El Palo que Habla / Jorge Mandujano

«El Gallito Inglés» vuelve a las andadas

Pasaron ya seis años de la partida de Don Armando Jiménez. ¿Les dice algo el nombre? Pos no. ¿»El Gallito Inglés»? —Pos sí, pero no a todos los valedores. ¿El autor de Picardía Mexicana? ¡¡¡Pos cómo jijueputa que no!!! (más de tres millones de ejemplares del condenado manifiesto ése).
El lenguaje mexicano está de fiesta. La palabra justa, las variantes dialectales (el caló es una de ellas), saltan desde lo más profundo de sus clósets y advienen las transparentes vitrinas, para decirle al señor Armando Jiménez que, en resumidas cuentas, «sigue siendo una pistola allí donde está».

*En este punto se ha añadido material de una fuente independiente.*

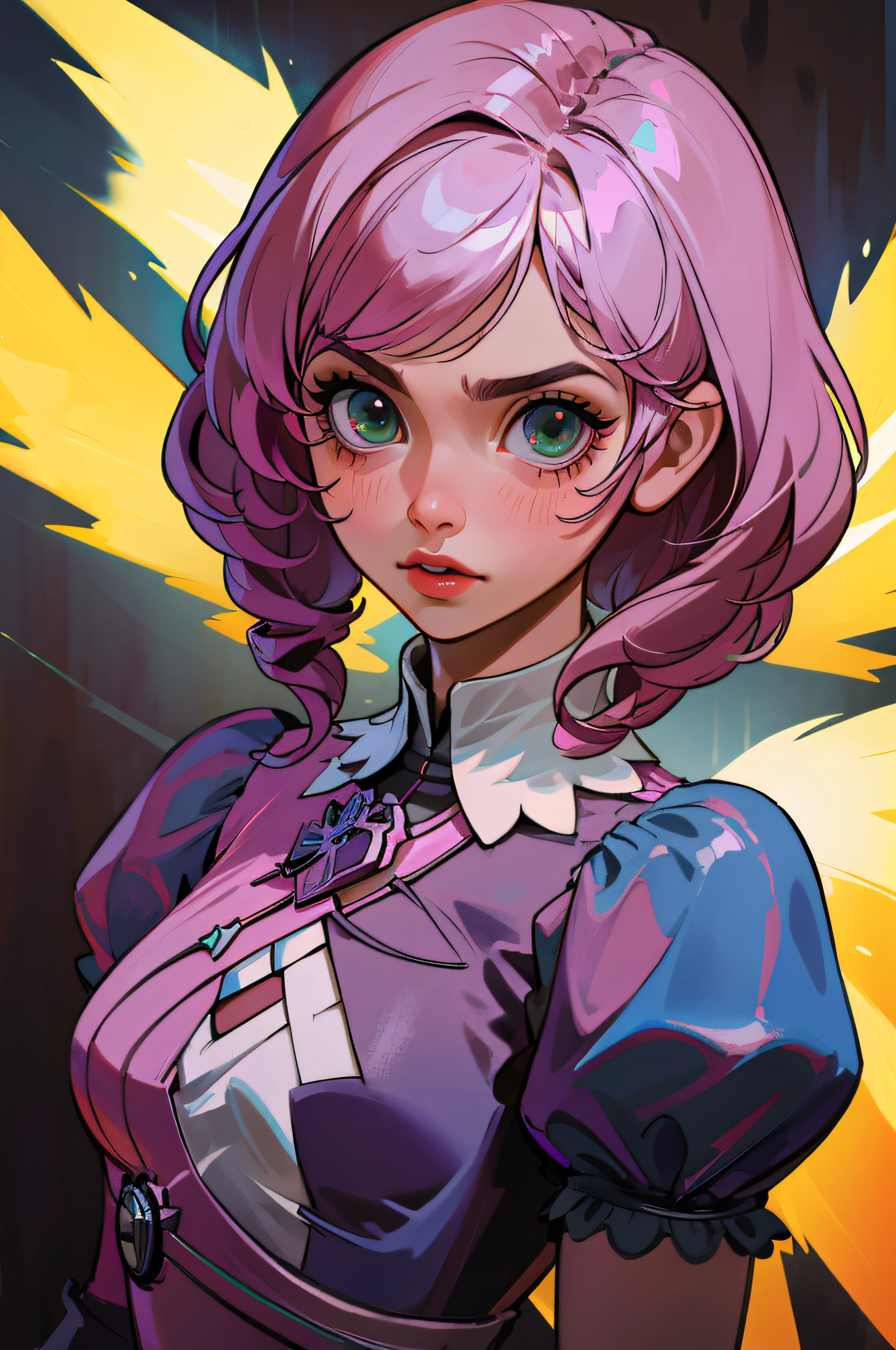 Alisa bosconovitch, melhor qualidade, olhos verdes, cabelo Rosa, cabelo curto, cabelos multicoloridos, camisa preta, mechanical wings, middlebreasts, tekken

La Picardía Mexicana no es sólo un referente en la historia escrita (y acaso olvidada) del habla de un México acaso olvidado. Meterse a lo «más sucio», a los mingitorios, a las cloacas de un México que perdía a poetas en las cantinas, como a Ramón López Velarde. A músicos, como Guty Cárdenas, y a niñas inolvidables, como Pita Amor, no era empresa fácil.
Así recogió puntualmente una envidiable antología de «groserías» que logró bien guardar en un libro que, a su vez, causó escozor en la llamada Liga de la Decencia, y en la Iglesia misma.
«Mi papá conocía a dos o tres que habían intentado publicar algo similar a su libro y que habían acabado en la cárcel, así de grave era la censura en ese momento. Ese era uno de los grandes miedos de mi papá, entonces se le ocurrió que una manera de ampararse era buscar eruditos en los diferentes campos del conocimiento, opiniones que pidió a la crema y nata de la cultura de entonces», declaró hace unos días al diario Excélsior Armando Jiménez hijo.
La primera edición de Picardía Mexicana apareció el 15 de septiembre de 1960. Cincuenta y seis años después de su aparición, con más de 150 reediciones, y cerca de los 4 millones de ejemplares, Editorial RM publica ahora una versión facsimilar, que fue presentada la noche de este lunes en la pulquería La hija de los apaches, en la Ciudad de México.
En 1994, en mitad del ajetreo por el alzamiento zapatista, conocí a ese hombre famoso: tan famoso como humilde (a ratos): Don Armando Jiménez Farías. Creo haber compartido con él su versión del mundo. Su pasión por los viajes de una singular manera, tan soberbia como onírica: adonde fuera, retrataba contexto, más que sitio de interés turístico. Luego volvía a su búnker a olvidarse de todo: le importaba lo que había dejado pendiente por referir. Lo demás era mala literatura.
Y sí que conocí a Don Armando Jiménez. Tanto así, que nos llegamos a pelear por el jabón, las toallas, el Nescafé y demás parafernalia doméstica: fueron años de compartir una casa adonde pergeñaba sus textos desde el amanecer y hasta la madrugada del día siguiente. Fue mi suegro por algunos años, pues.
Ahora, cada vez que alguien lo refiere, los ojos se me llenan de agua, y vuelven a los días y a las noches de hasta entonces; en que, con él, amamos la vida con desenfado. Desde las baldosas del otrora «defectuoso», hasta las deshoras de los Diálogos de San Andrés. Desde la sintaxis que estorbó en veces la crónica, hasta las horas y deshoras que se desveló hasta jubilar la noche. Amaneceres como sentencia, cuando había que volver… y regresar para empezar de nuevo. Los amaneceres y los días; y la vida toda comida como una sandía gigante.
Ahora que se publica la réplica idéntica —dirían en mi pueblo— de la Picardía Mexicana, vuelvo los ojos al querido viejo, y pienso en el niño que fue, y en la justa hora que se dijo a sí mismo: «Es hora de dormir, Armando». Y se quedó dormido para siempre. Sea, pues.